Omit all pictures and transcribe only the lines in the entries below that run from the line with "24oz Boba Straw Tumbler" through the line with "Mia 1 - Light".

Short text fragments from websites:
______

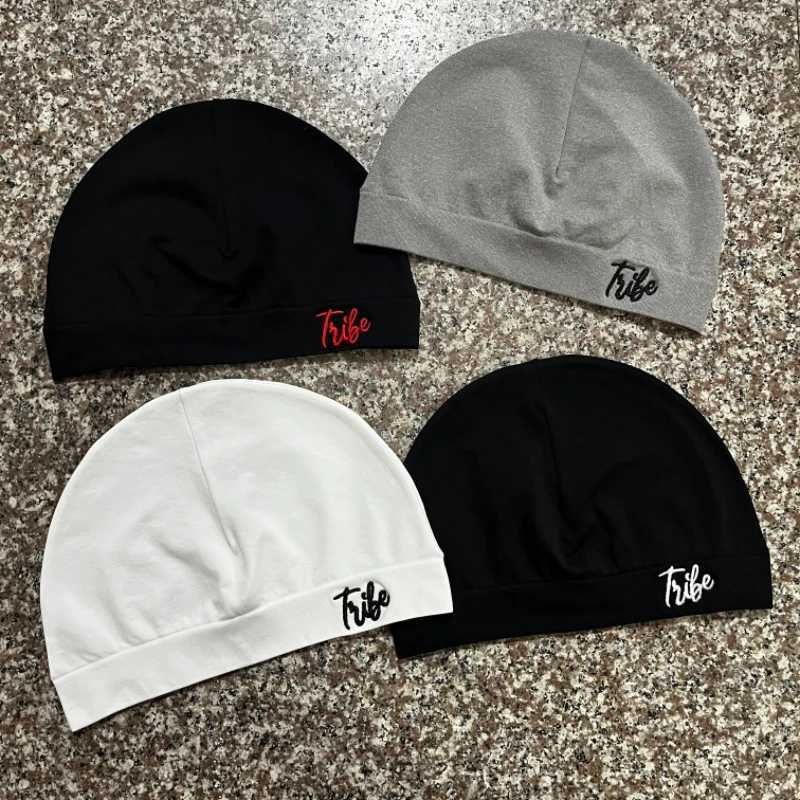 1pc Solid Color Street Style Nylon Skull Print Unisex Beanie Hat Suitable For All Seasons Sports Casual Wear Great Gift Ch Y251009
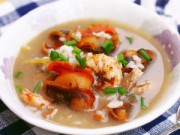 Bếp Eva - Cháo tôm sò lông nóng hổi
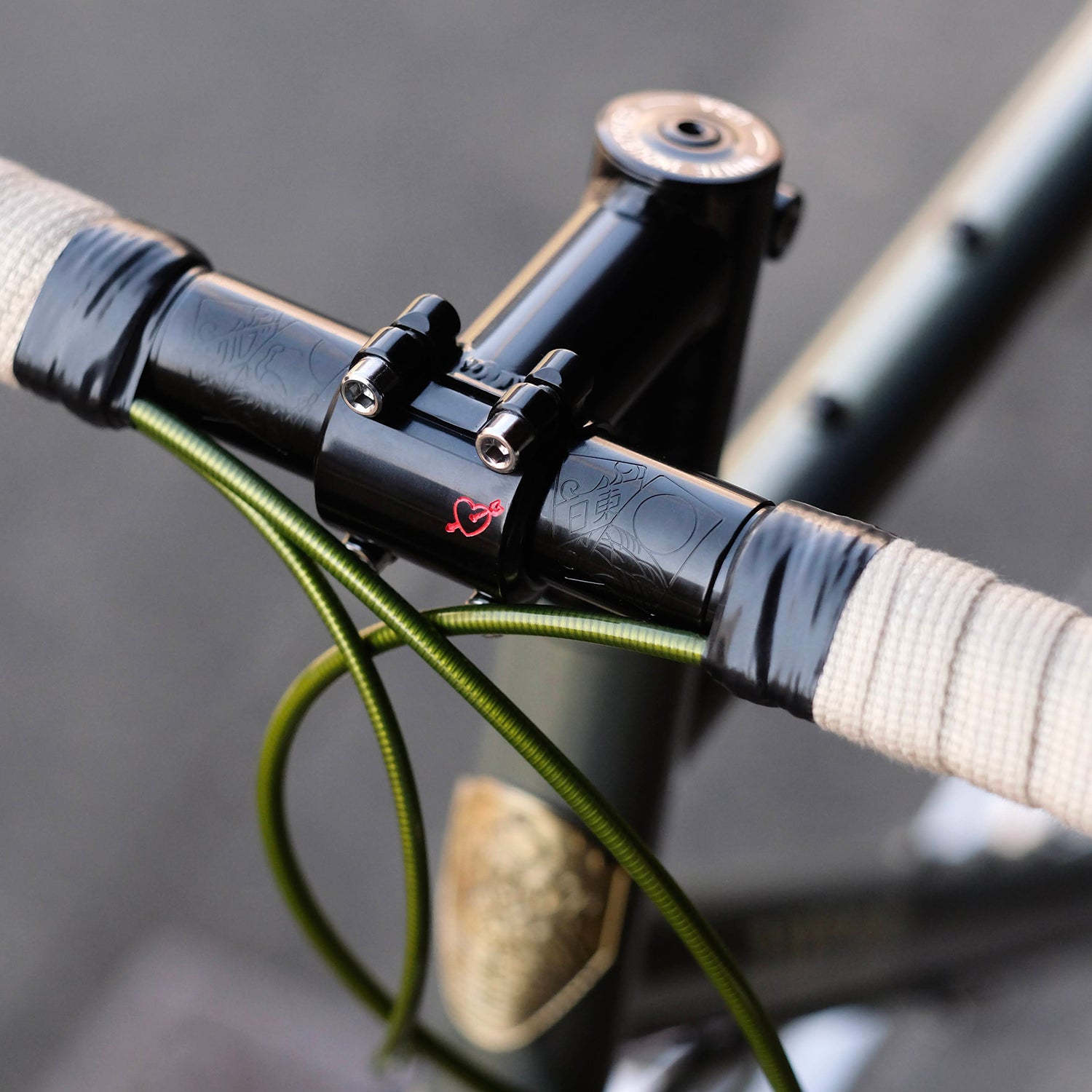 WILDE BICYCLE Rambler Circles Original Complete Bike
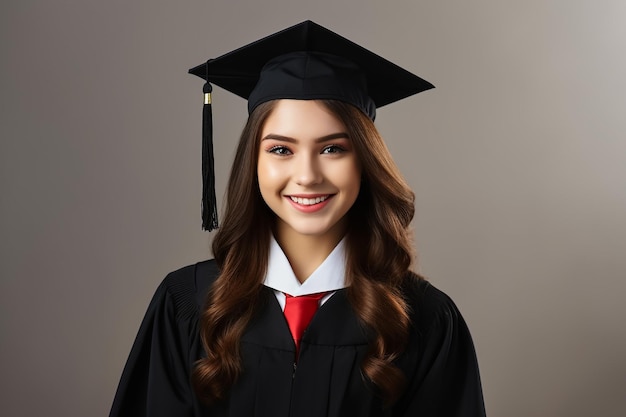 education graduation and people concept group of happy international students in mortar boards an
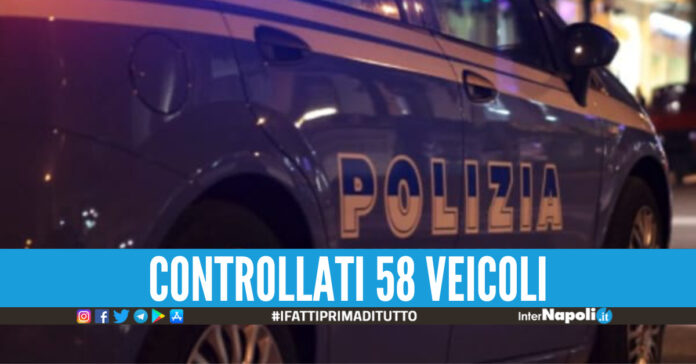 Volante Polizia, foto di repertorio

______

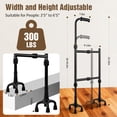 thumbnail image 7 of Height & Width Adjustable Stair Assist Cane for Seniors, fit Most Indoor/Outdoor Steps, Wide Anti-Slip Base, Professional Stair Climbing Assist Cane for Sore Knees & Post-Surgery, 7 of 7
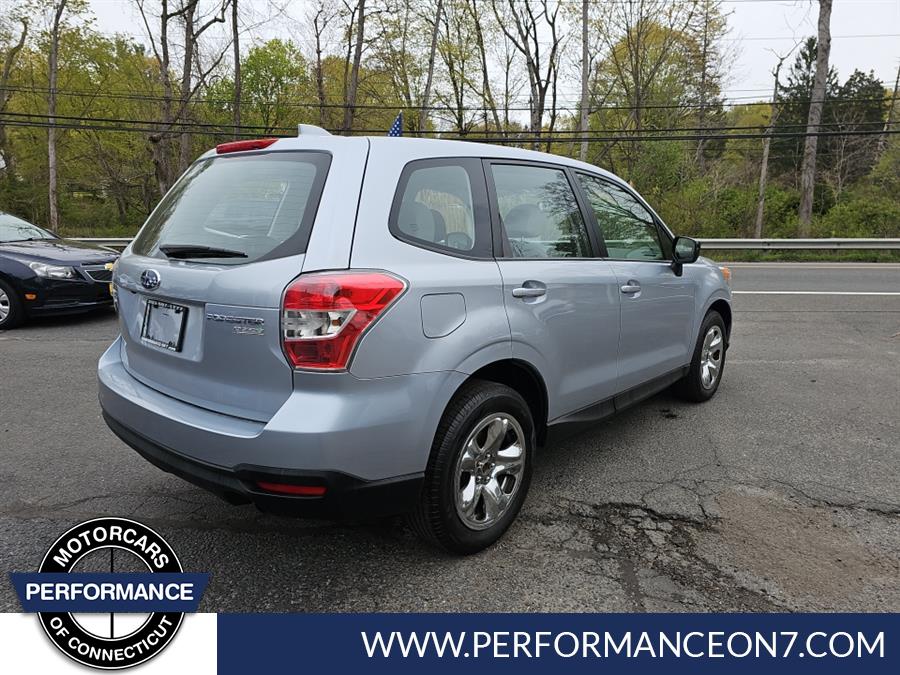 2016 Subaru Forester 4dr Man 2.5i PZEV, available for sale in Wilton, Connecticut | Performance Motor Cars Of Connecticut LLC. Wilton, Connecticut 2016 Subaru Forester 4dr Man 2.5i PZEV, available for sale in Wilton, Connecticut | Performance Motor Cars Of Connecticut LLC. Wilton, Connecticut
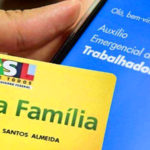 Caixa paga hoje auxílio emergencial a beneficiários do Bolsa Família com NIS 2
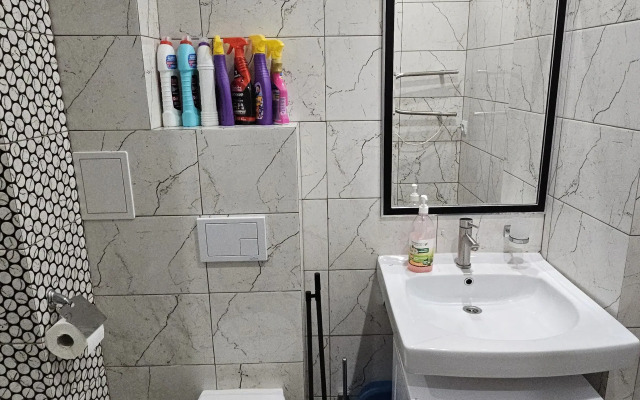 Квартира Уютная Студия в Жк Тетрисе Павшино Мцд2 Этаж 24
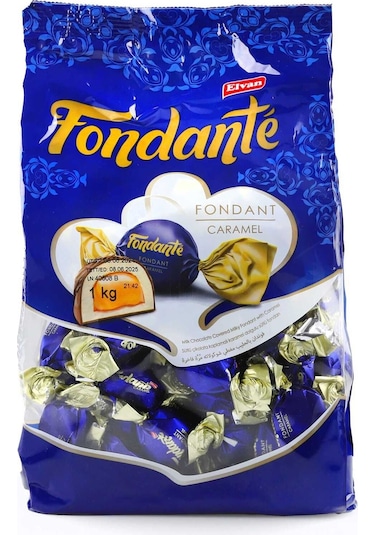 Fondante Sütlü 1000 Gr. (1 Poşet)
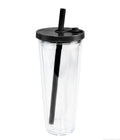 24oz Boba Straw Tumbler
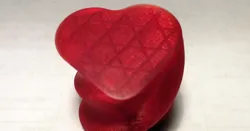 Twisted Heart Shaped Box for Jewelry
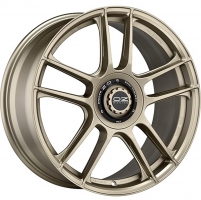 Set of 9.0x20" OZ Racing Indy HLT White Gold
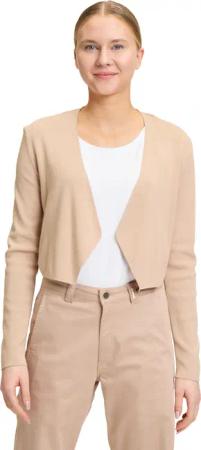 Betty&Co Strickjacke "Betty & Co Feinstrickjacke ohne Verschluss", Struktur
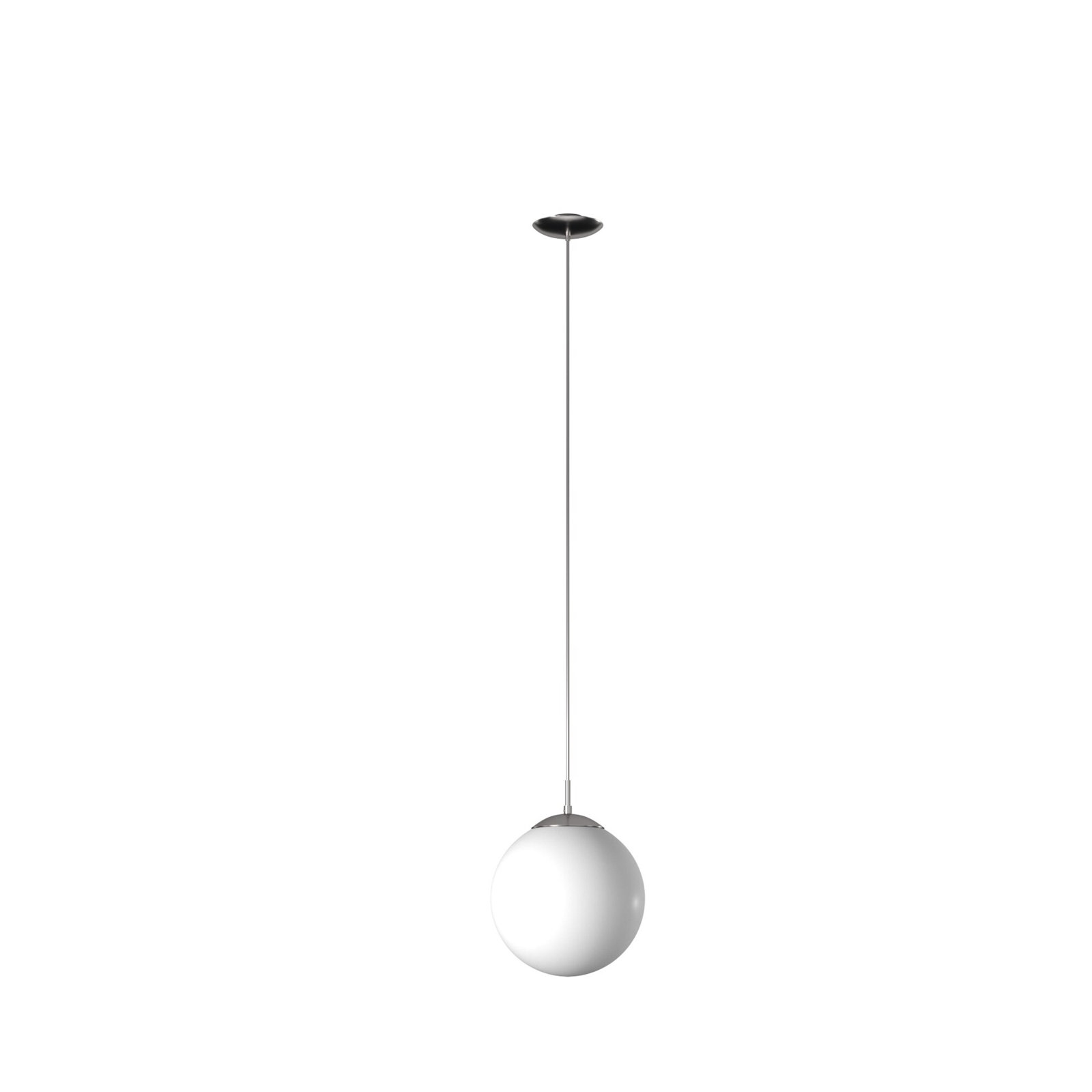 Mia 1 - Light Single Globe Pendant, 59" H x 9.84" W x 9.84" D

______

Answer section:
 24oz Boba Straw Tumbler
 Twisted Heart Shaped Box for Jewelry
 Set of 9.0x20" OZ Racing Indy HLT White Gold
 Betty&Co Strickjacke "Betty & Co Feinstrickjacke ohne Verschluss", Struktur
 Mia 1 - Light Single Globe Pendant, 59" H x 9.84" W x 9.84" D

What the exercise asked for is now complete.